13th November, 1999
We've seen how Latin music was crossing over to the mainstream US charts with some regularity in 1999; one other major byproduct of the music industry's peak years at the end of the 90s was Christian crossover music, a dream that had been alive ever since Amy Grant first troubled the secular charts in the 1980s, but towards the turn of the millennium was closer to becoming a reality than ever before. Bands widely perceived as Christian like Creed and bands that openly identified as Christian like P.O.D. were wildly successful, and the standardization of all aspects of the music industry that was a feature of the consolidating 1990s meant that there was virtually no difference in sound or professional quality between secular pop and Christian music (as there always had been in my youth, when I was allowed to listen to nothing else).
So the arrival of Jacqueline "Jaci" Velásquez, a Houston native of Puerto Rican descent with a strong voice, wholesome good looks, and a willingness to occasionally be ambiguous as to the divinity of her love songs' object, on the Christian-music circuit in the mid-90s, was a perfect realization of all marketing dreams: She could be sold to the Christian market, to the pop market, and to the Latin market all at once.
The Christian market took to her immediately, as I remember (these were the last years in which I paid any attention to that world before my ongoing attempts to digest All Music Ever took over my life); the secular pop market did not, particularly; but the Latin market, less unwilling to hear religious love as a metaphor for carnal love and vice versa, embraced her too. It helped that with this song, her first Spanish-language single, she put her best foot forward.
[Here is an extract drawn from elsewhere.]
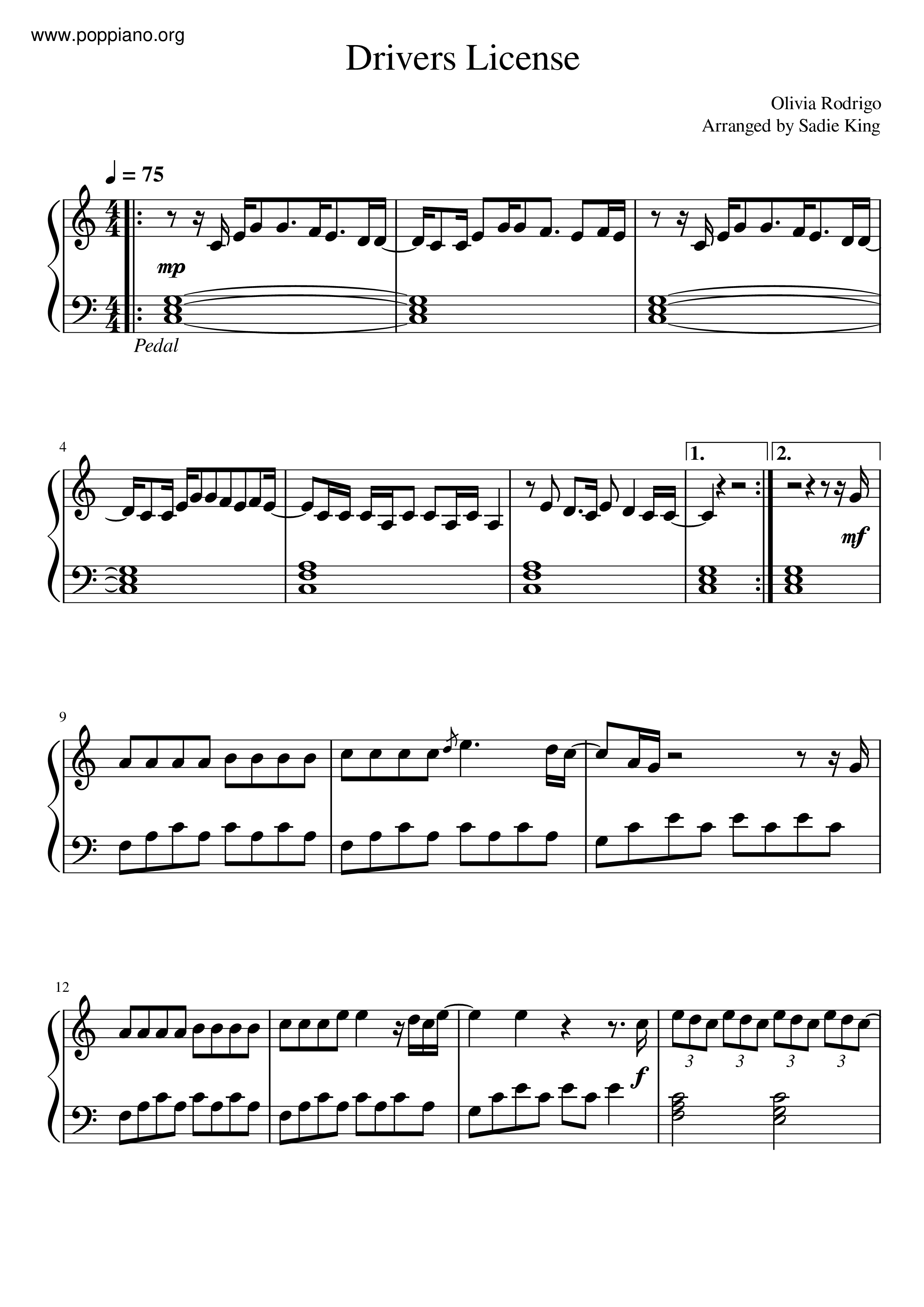 Hiromi Uehara Drivers License Sheet Music Pdf Free Score Download 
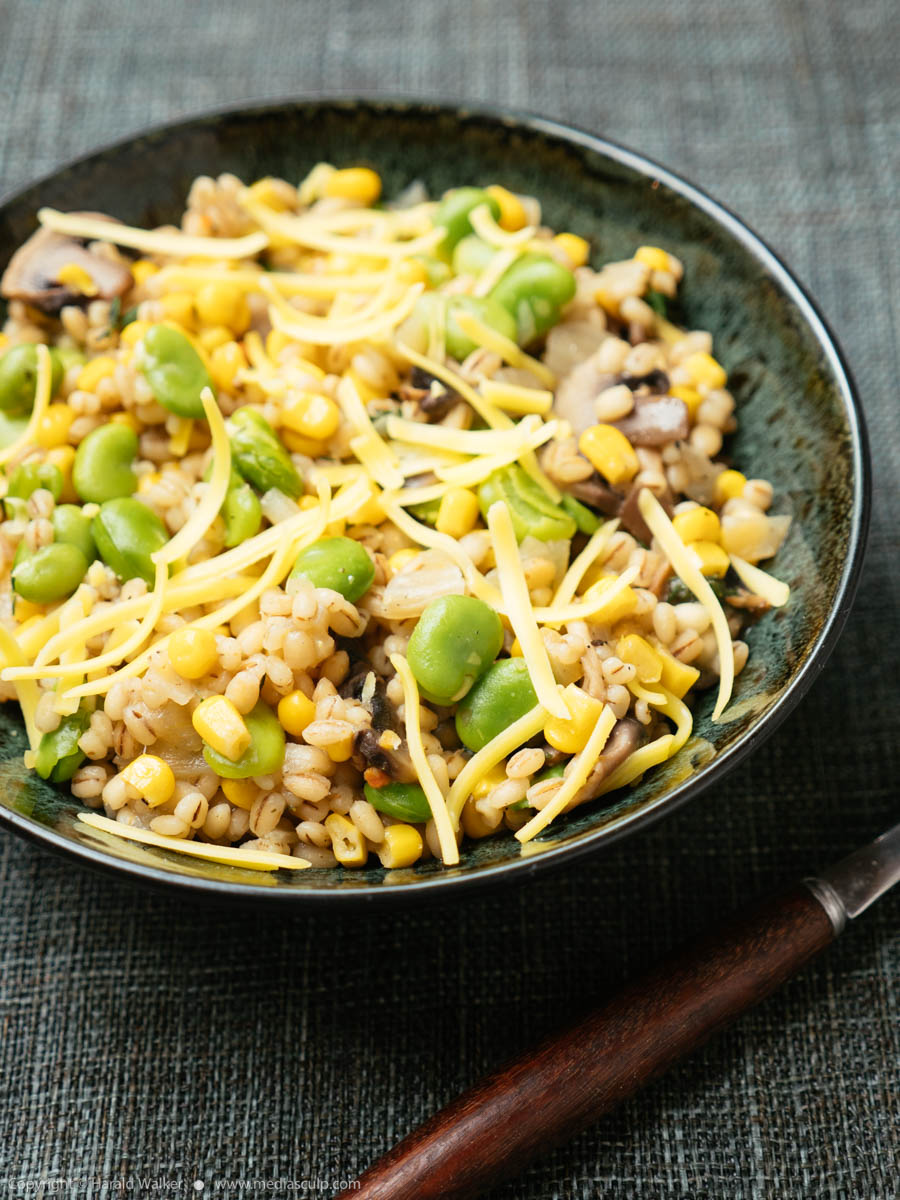 Stock photo of Barley Risotto with Fava beans, Mushrooms and Corn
"Llegar a Tí" (to get to you) is a strong love ballad in any context, with crisp production that wouldn't have been out of place on any Lilith Fair-adjacent record, and with MDO providing angelically-smooth background vocals (that's them sighing "y volar... y soñar"). The lyric could easily be taken to refer to a human lover: its central image, of love being so powerful that it allows the lover to literally fly to her beloved, had been used by R. Kelly three years earlier in a song that owed much to church traditions. But prickly consciences could be soothed by the chastity and wide-eyed devotion of the lyric, which floats in such gauzy nonspecificity that the song is not just a marketer's idea of heaven, but many Christians' too.